Poetry and Emotional Impact

Just spotted this curious review of Lavinia Greenlaw’s new collection, The Casual Perfect, in The Independent. Its curiosity isn’t altogether the reviewer’s fault. She’s obviously been given a maximum word count and 281 words is hardly sufficient to review a poetry collection with any real insight. It may even have been edited down by someone else to emphasise an attitude that might not have been prevalent in its original draft. Maybe. It’s impossible to tell. The attitude is represented by:
"There is some emotion to be gleaned from these cool, opaque poems."

So the reviewer is analysing the poems to glean emotion from them and largely isn’t succeeding. When she does glean some emotion from a poem, she writes:

"Nicely earthy, it contrasts with the cerebral tone of much of this collection."

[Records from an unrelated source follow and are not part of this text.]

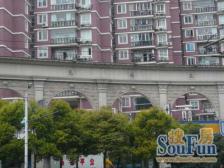 满五年 电梯小高层 人车分流 空中花园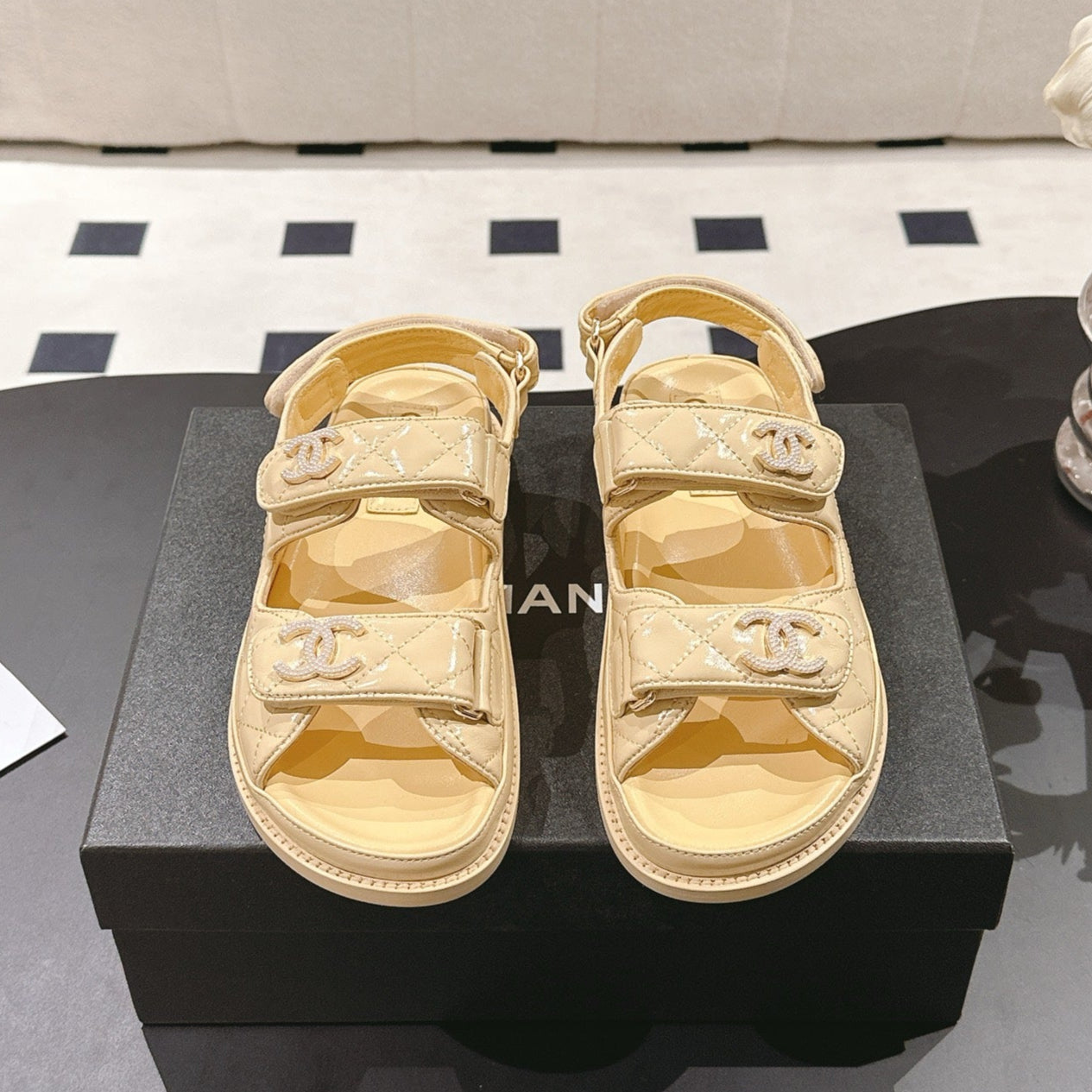 CC 25 Dad Deals Sandals Yellow Pastel Patent Leather 237589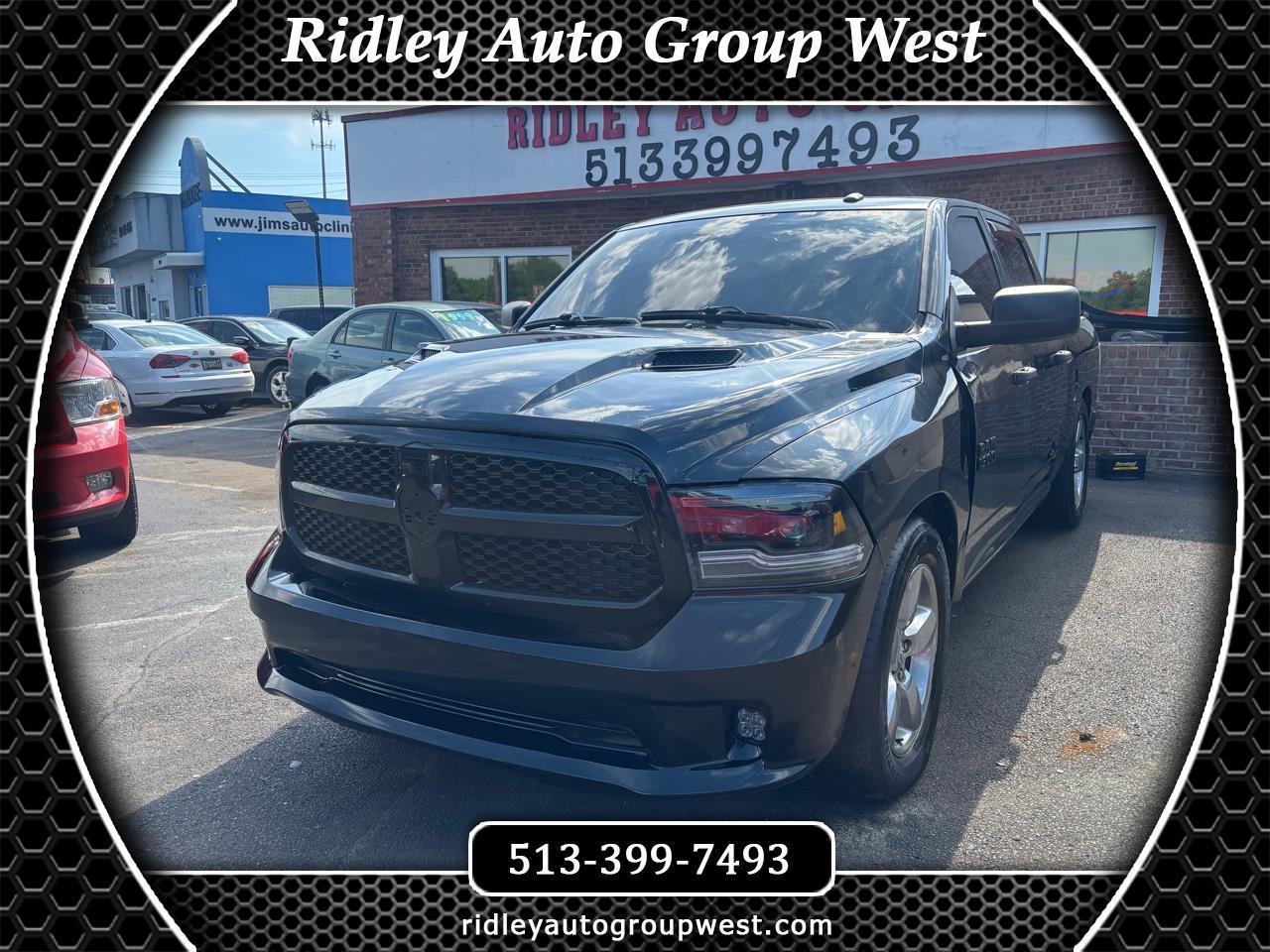2016 RAM 1500 Express 4x4 Crew Cab 5'7's photo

Now, a poem’s emotional impact is one measure of a poem’s success. But it is hardly the only measure. We can enjoy poems because they turn our brains inside out, because they transform the way we’ve always looked at something, because their words sing in a way which isn’t merely clever but somehow invigorating, because they coolly hit the nail on the head, because they connect ideas and themes in ways we’d never before imagined, and so on and so on.

I have read some of The Casual Perfect and I think “cool” and “opaque” are both fair words to describe the poems I’ve read, but their payback doesn’t depend so much on a gleaning of emotion as a surrender to and engagement with mystery. Why demand emotional impact when a poem is offering something else entirely?